It’s a Wall Street club that’s virtually unknown on Wall Street. It has no name or official membership list, and it meets only once a year, in locations such as Switzerland’s Lake Lucerne, Connecticut’s Litchfield County, and, this year, Versailles. 

The attendees are top in-house lawyers for some of the world’s most powerful banks — people who sit at the table for decisions that can shape multibillion-dollar litigation tabs for the likes of Barclays Plc, Citigroup Inc., Goldman Sachs Group Inc., Deutsche Bank AG and JPMorgan Chase & Co.

Trianon Palace Versailles
Trianon Palace Versailles
Source: Waldorf Astoria

For this year’s meeting, in late May, the lawyers descended on Trianon Palace Versailles, a luxury hotel less than two kilometers from the palace of Louis XIV and adjacent to the royal park. 

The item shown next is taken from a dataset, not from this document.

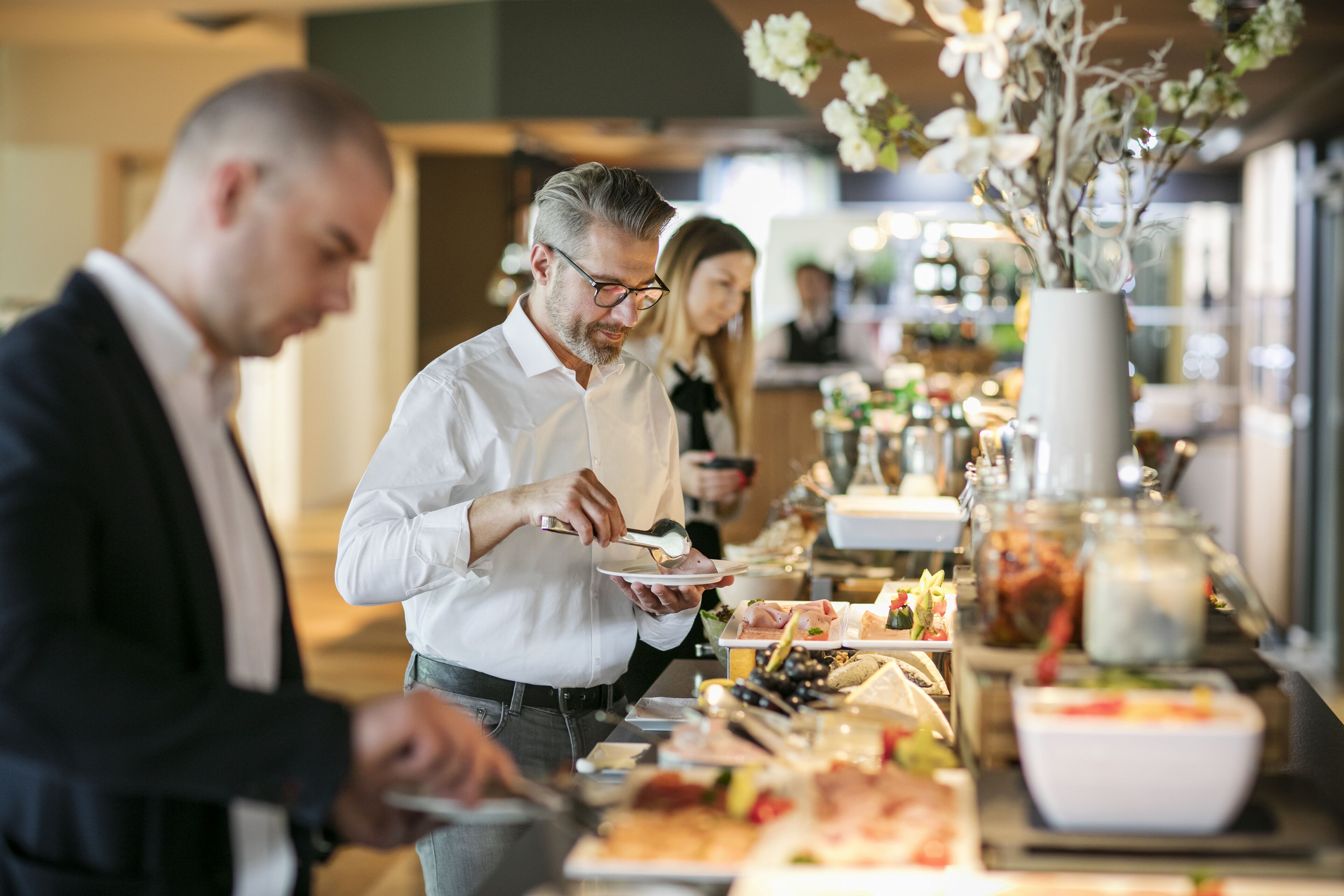 Ein reichhaltiges Buffet mit Speisen und einer dekorativen Vase.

The gatherings, which were described by several people familiar with them who asked not to be identified, tend to feature discussions of nuts-and-bolts issues such as managing relationships with the board and whether compliance personnel should receive stock incentives.

Sticking Together

This year, according to two of the people, some attendees arrived at the marble and gilded hotel primed to focus on a common scourge: class-action lawyers who seek billions of dollars from top banks for alleged market manipulations and related bad behavior. Eric Grossman, chief legal officer at Morgan Stanley, implored his confederates to hang together and resist the temptation to settle quickly.

Months before, Citigroup Inc.’s general counsel, Rohan Weerasinghe, had made a decision that essentially forced several of the world’s biggest banks to pay a total of $1.9 billion to settle a class action over credit-default swaps. Investors, including the Los Angeles County Employees Retirement Association, claimed the banks had worked together to limit competition in the market, allowing them to earn extra profits. 

When multiple banks are sued in a class action, it’s common for them to share information and coordinate their defenses. But after years of practice, class-action lawyers have figured out a way to fracture these alliances. They reach a settlement with one bank, then ratchet up pressure on the others. Each bank knows that the last to settle will probably pay the heftiest price. That’s because of a legal theory called joint and several liability, in which a company found in court to be even partially to blame can end up on the hook for all the damages. 

In the swaps case, Citigroup broke first, agreeing in the summer of 2015 to pay $60 million. Others followed, with JPMorgan Chase & Co. settling last for $595 million. Looming over the banks was the possibility of an antitrust investigation of the swaps market by the European Union, which could have uncovered evidence that would then be available to the class-action plaintiffs. In the end, the EU closed its case, so the banks might have been better off waiting. 

Avoiding Criticism

Citigroup’s decision to settle highlighted the need for a conversation on the matter, according to the people familiar with the May meeting. Weerasinghe was there, but in keeping with the group’s collegial atmosphere, there was no direct criticism of him for deciding to cut a deal, the people familiar with the event say. 

“They realize they are stronger when they stick together than when they splinter,” says Dan Brockett of Quinn Emanuel Urquhart & Sullivan, a lead plaintiffs’ attorney in the swaps case. “But each general counsel has a fiduciary duty. Each bank will act in its own interest.”

The annual gathering, whose existence hasn’t previously been reported, is the brainchild of lawyer Robert Mundheim. A general counsel for the U.S. Department of the Treasury in the 1970s, Mundheim went on to become a dean at the University of Pennsylvania Law School, then general counsel for the former Salomon Smith Barney in the 1990s. He’s now with the firm Shearman & Sterling and has been hired by independent directors of Wells Fargo to investigate the bank’s retail sales practices and other matters.